Many overseas visitors to India are fascinated by the saree, of course. The women look at the fabrics and designs, and immediately wonder what it would be like to wear one. "How long does it take you to drape this?" they ask me. "Can you teach me?" "What does it cost? Does it come in different fabrics?" "You think I could wear it? I mean, can I pull it off?"
The questions are very female, framed in a sort of universal language that all women understand. One question that I get asked often is "Do you like wearing it?"...perhaps the person asking wishes to really understand what's going on inside my head...why do I drape six yards of fabric around my body, when I could be more comfortable in other clothes?
To tell the truth, I find the draping of the saree a sensuous pleasure. That final flinging of the pallu over the shoulder, the twisting to look at your back in the mirror, the feel of crepe silk as it goes round the bare midriff - everything contributes to a subtle sensual delight even as you dress for work. The saree allows me to be feminine, to experiment with colours and jewellery, confident that no matter what kind of figure I have, this garment will help me look my best.
On formal occasions such as weddings, saree draping is a group affair. At tea-time, the women of the household exchange notes: "What are you planning to wear?" "Ah, that gold and maroon one? Perfect." "Are you going to wear those ruby tear-drops? You know, the ones you bought in Hyderabad?" By 6:00 p.m., the bedrooms in the house have been invaded by women, there are sarees strewn everywhere on the bed and garlands of jasmine by the dressing table. The women are in a state of sensory exploration. You hear the swish of Kanchi silk, the smell of sandal and perfume, the jingling of bangles. You see the gleam of gold-and-rubies, and you smell the heady scents of henna and jasmine. And then it is time to troop out of the house, and crowd into a car, more swishing and jingling sounds...the car fills with the smell of flowers and perfume, and the women are transported to the wedding grounds.
So - coming back to the American woman who asked me for advice - I wondered what sort of experience she'd have with the saree. Would she be part of a household of women? Or would she have to cope with the saree in a hotel room by herself?

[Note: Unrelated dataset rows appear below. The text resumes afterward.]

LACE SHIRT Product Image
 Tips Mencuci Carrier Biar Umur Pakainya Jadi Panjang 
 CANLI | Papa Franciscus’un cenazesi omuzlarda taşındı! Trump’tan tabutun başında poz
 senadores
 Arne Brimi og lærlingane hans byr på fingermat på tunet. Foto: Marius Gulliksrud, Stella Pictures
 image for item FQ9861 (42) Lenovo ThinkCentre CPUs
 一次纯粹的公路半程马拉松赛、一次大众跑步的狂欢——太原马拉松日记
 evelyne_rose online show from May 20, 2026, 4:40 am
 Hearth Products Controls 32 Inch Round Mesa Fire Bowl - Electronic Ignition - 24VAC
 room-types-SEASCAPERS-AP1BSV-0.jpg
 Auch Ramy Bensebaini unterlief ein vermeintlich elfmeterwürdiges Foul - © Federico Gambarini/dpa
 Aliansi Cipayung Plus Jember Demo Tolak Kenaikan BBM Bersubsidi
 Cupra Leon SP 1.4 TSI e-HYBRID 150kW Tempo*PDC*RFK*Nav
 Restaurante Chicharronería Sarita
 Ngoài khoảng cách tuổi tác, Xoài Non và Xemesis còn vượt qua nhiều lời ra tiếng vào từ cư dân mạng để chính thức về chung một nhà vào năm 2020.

And even if she did have other women to help her, there was still something else that bothered me. You see, I think what makes the saree graceful is not just the drape, but also a certain body posture and walking style. Just as the African woman has her own gait, and the Japanese woman her own, the Indian woman does too. This is what gives beauty to the saree and makes it seem feminine and graceful. I've always thought that the saree is not easy for Western women, whose walk is more of a confident stride, and less of a gentle sway. To add to that, there's the artificial wobble that high heels bring, and the discomfort that is natural to a first time wearer.
So although I wanted to recommend the saree, I was also very hesitant. All things considered, here's what I finally said to the lady: "If you're tempted to wear a saree, buy one and try it in the privacy of your hotel room. Get a little used to it before you wear it to a wedding. Or stick to a lehenga, it's much easier to wear because it is essentially, a skirt and blouse."
I'm still trying to figure out if I said the right thing!